The thing is, modern software development is usually (Im talking quantity here) integration. Getting systems to talk to each other, getting the business rules so the data goes correctly in the database, implementing the interface so you can add some functionality to the 3rd party package... None of this can even BE O(N^2), its all I/O considerations, which isn't solved with better algorythms, its solve with better cashing strategies and better hardware, even if you throw PhDs at it.
There are parts of many higher end systems that will require the fancy algorythm implementations... for that, you get a fraction of your team to have that as their primary responsability.
If you're making the next Ebay or the next Nvidia drivers, this is obviously not true at all...but those cases are a tiny little fraction of the real world.
Note that this doesn't mean you can hire a bunch of idiots. It just means that your SKILLED developers shouldn't spend -too much- time on optimisation. Optimize the OBVIOUS cases, avoid doing something completly stupid... But don't do things like "Oh, I should inline this function call manually because the compiler will not in this case, and making an instance of an object will add a 0.00000001% overhead". That, you throw hardware at it. Its also 99.9% of the cases.
And the article isn't advocating that you should be using code monkeys and compensate with hardware. Its just saying that you're better off throwing hardware at a problem then hiring an army of PhD. Its two extremes, with the middle being the best... you actually agree, you just disagreed on the extremes:)

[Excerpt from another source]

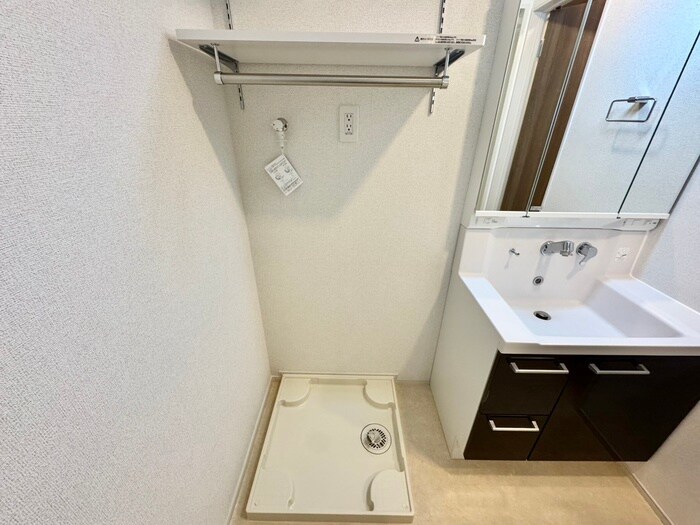 物件内観写真16　(洗濯機置場)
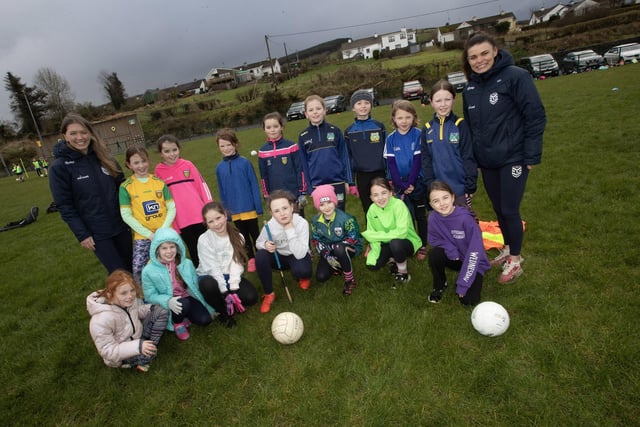Donegal players Tara and Niamh Hegarty pictured with the Beart U10 girls.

Thats why usually a system for this type of environment would be server side, with only the UI on the client... a web application or something in Flex/XBAP/Silverlight/whatever... or even a thick client, but something that does all the heavy processing server side.
So even if you have 12974170240192740971249071290 locations, you'll still only need to upgrade your servers, unless you decided your UI was going to be in OpenGL
Depends how you read into it. If I take a web application written in Java,.NET or PHP...let say...Facebook? And I throw a LOT more developer resources at it, rewrite the bottlenecks in raw C, the algorythms in pure assembly optimized for the hardware, get some PhDs in the research development to develop new more advanced operational research algos that cut out the edge cases to improve performance.... I'll get a LOOOOOOOOOOT more performance.
Is it worth it though? Probably not.
The whole "throwing hardware instead of dev at a problem" doesn't necessarly mean you're comparing using $100k devs vs $30k code monkeys. It may mean you take less $100k devs and give them better tools, that have some overhead.
Thats correct. You still need someone who can make out bubble sort from quicksort.
What people who say we should use hardware over programmers usually mean though, is that you don't need to go all out. Take a framework like Java or.NET. They have data structures built in. Sets, hashtables, linked lists... These are generic implementations meant for everyday use. You could throw a computer science guru (well, more like someone who remembers their data structure class...) at them and make them better for a specific business model. Or you can upgrade your CPU.
Both ways will work fine. Just one way you better hope the programmer types fast to be cost effective.
Hardware will not allow you to trade a competent developer for a code monkey. It, however, allows you to get a competent developer to do the job of two, by not having to optimize every single line of code. As long as it somewhat scale, there's some caching for the edge cases, and that it remembers to use librairies when available instead of using a sketchy hand-made implementation thats poorly optimized, RAM and new CPUs will pretty much solve 90% of your problems. Just make sure the dev is competent enough to spot the last 10%, which is a LOT easier than having to SOLVE all and every problems.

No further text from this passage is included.